The truth is that Spot's API can barely be considered an API, since all it really allows you to do is to download XML-formatted records.  Here's how it works:
  1. When you register your Spot tracker, or edit your settings, you have the opportunity (if and only if you've paid for the tracking service) to set up a "shared page" to display the data.  That shared page is automatically assigned a "glId" by Spot.  I believe that "glId" is a "guest link" identifier, but I wouldn't swear to it.  Anyway, you can find the glId for your shared pages by going to your list of shared pages at https://login.findmespot.com/spot-main-web/share/list.html and choosing the shared page that has the data you'd like to use.
  2. You'll find the glId embedded in the URI of the shared page.  So, if the URI of the shared page is "http://share.findmespot.com/shared/faces/viewspots.jsp?glId=0BW5A0B1QQFTHG4GivzbYsQFyIFo5VHTh" the glId is 0BW5A0B1QQFTHG4GivzbYsQFyIFo5VHTh.
  3. The data can be accessed through the URI http://share.findmespot.com/messageService/guestlinkservlet?glId=0BW5A0B1QQFTHG4GivzbYsQFyIFo5VHTh&completeXml=true with the glId from your shared page substituted in for the glId value.
When you do an HTTP GET on that URI, what you'll get is a chunk of XML, as described in this earlier post.

Displaying the data

Once you get the data out of your Spot shared page, you need to parse the XML, then turn it into data you can display using the mapping API of your choosing.  These days the most popular option is Google maps, which has a rich API and which gives the programmer a lot of control over what goes on the page and how the user interacts with it.  I've written a very simple example of using Spot data to create a track on a Google map, with clickable track points and pop-up info windows that show the timestamp and the distance from the previous track point.

I wrote it in Javascript because I wanted to be able to provide code you could play with without having to install additional infrastructure (languages, libraries, etc.).  If you're writing a real tracker you probably don't want to do this, since it puts some computational and storage load on the user's browser (seriously, doing trigonometric calculations in a browser window doesn't seem like a great idea).  It's cleaner and more efficient to do the computational work (including XML parsing) on the server side, in the language of your choice.  Note that in the code below I'm grabbing the data from localhost.  I made a local copy, since Spot only keeps your data for a week.  If you're writing a real tracker you'll have to add local data storage and data management (de-duplication, for example) to your code.  I've also left out all error-checking, data validation, etc., to keep the sample code compact and clean.  If you're writing code for production use you must check to make sure that operations are successful, that the data you're getting are clean, etc. - if you're going to fail, fail gracefully.  As an example of what I'm talking about, take a look at extract_gps_data, and notice that I'm making a lot of assumptions about what data are present and that the XML document hasn't been corrupted in some way - that's terrible programming practice.  Checking for run-time errors and validating your data gives you control over what your users experience if something goes wrong.  A program that "works" doesn't really work if it blows up on unexpected inputs.

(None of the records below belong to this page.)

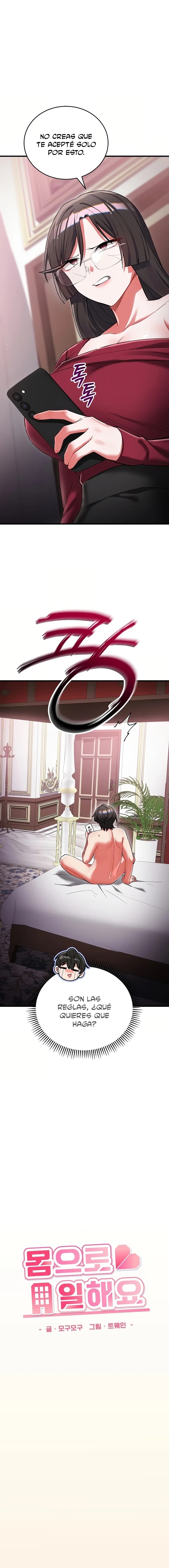 I Didn’t Sign Up For This Raw Chapter 18 - Page 11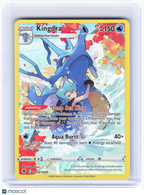 2022 Pokemon—Kingdra #TG03 Astral Radiance Trainer Gallery—Ultra Rare Holo [MP]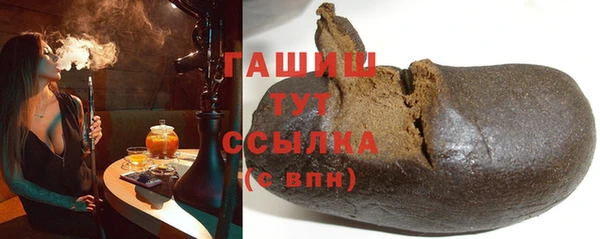 не бодяженный Армянск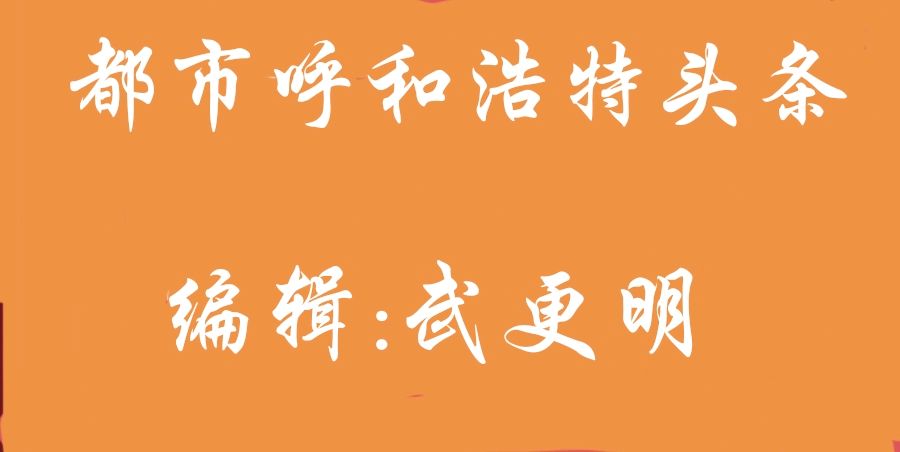 七律·忆腊八节作者 /讲理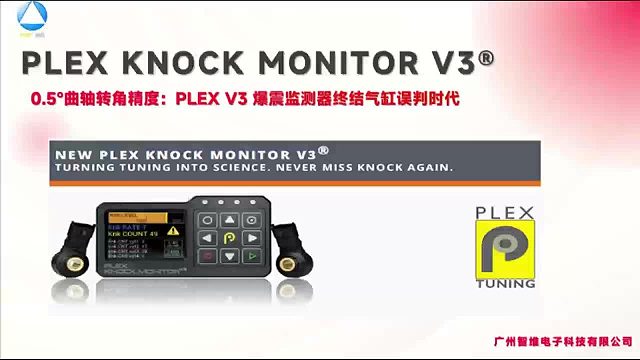 Plex KNOCK MONITOR V3爆震分析仪：第三代高精度爆震监测系统，重塑性能边界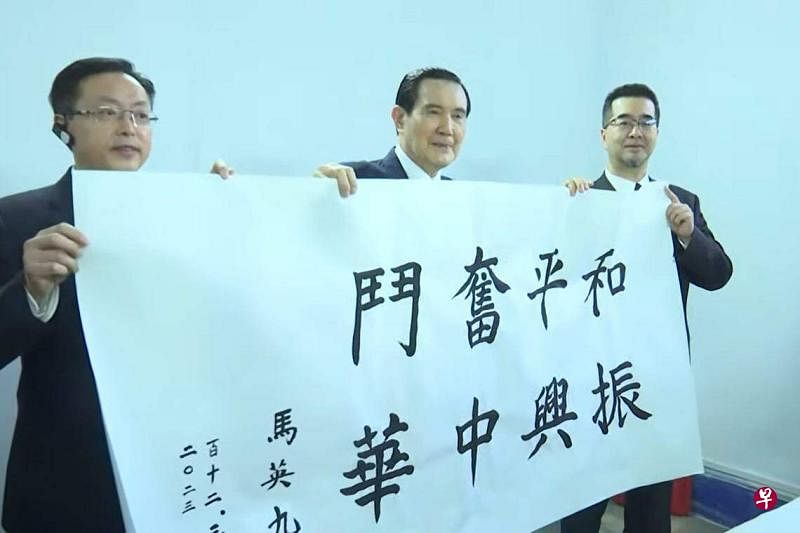 台湾前马英九在南京中山陵谒陵后，留下“和平奋斗，振兴中华”的书法题词 ...
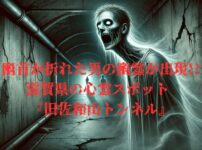 首が不自然に折れた男性の幽霊のイメージ画像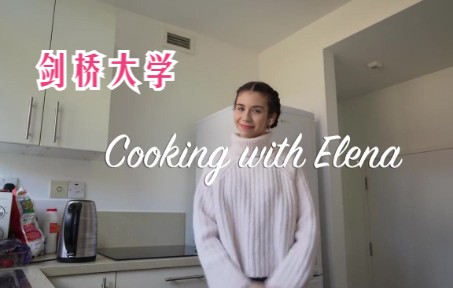 大战考试周 | 剑桥大学 vlog | Elena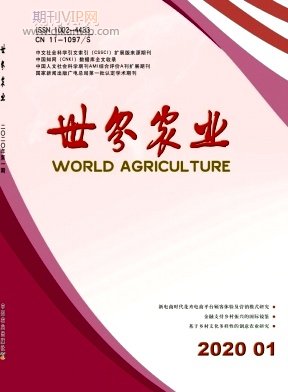 世界農業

So here's the code.  Drop me a line if anything isn't clear, or if you notice a problem.


<!DOCTYPE html>
<html>
<head>

 <title>My Wee Tracker</title>
 <meta name="viewport" content="initial-scale=1.0, user-scalable=no" />
 <style type="text/css">
  html { height: 100% }
  body { height: 100%; margin: 0; padding: 0 }
  #map_canvas { height: 100% }
 </style>
 <script type="text/javascript" 
  src="http://maps.googleapis.com/maps/api/js?key=AIzaSyBFoJjPtS9vWXIENOa-egd0XFFnnQbfTIk&sensor=false&libraries=geometry">
 </script>

<script type="text/javascript">
//<![CDATA[

// load_xml_doc takes a uri and retrieves the document at that location,
// and returns it.  

function load_xml_doc(uri)  {
 if (window.XMLHttpRequest)  {
  var request = new XMLHttpRequest();
 } 
 request.open("GET", uri, false);
 request.send();
 return request.responseXML;
}


// "point" is an object we use to hold the data we'll be putting on the map
//  I hate that javascript has us declare classes as functions

function point(timestamp, latitude, longitude)  {
 this.timestamp = timestamp;
 this.latitude = latitude;
 this.longitude = longitude;
}

// here's where we pull the tracker data out of the XML document
// and convert it into something easier to deal with when scribbling
// on the map.  It creates and returns an array of tracker points (messages) 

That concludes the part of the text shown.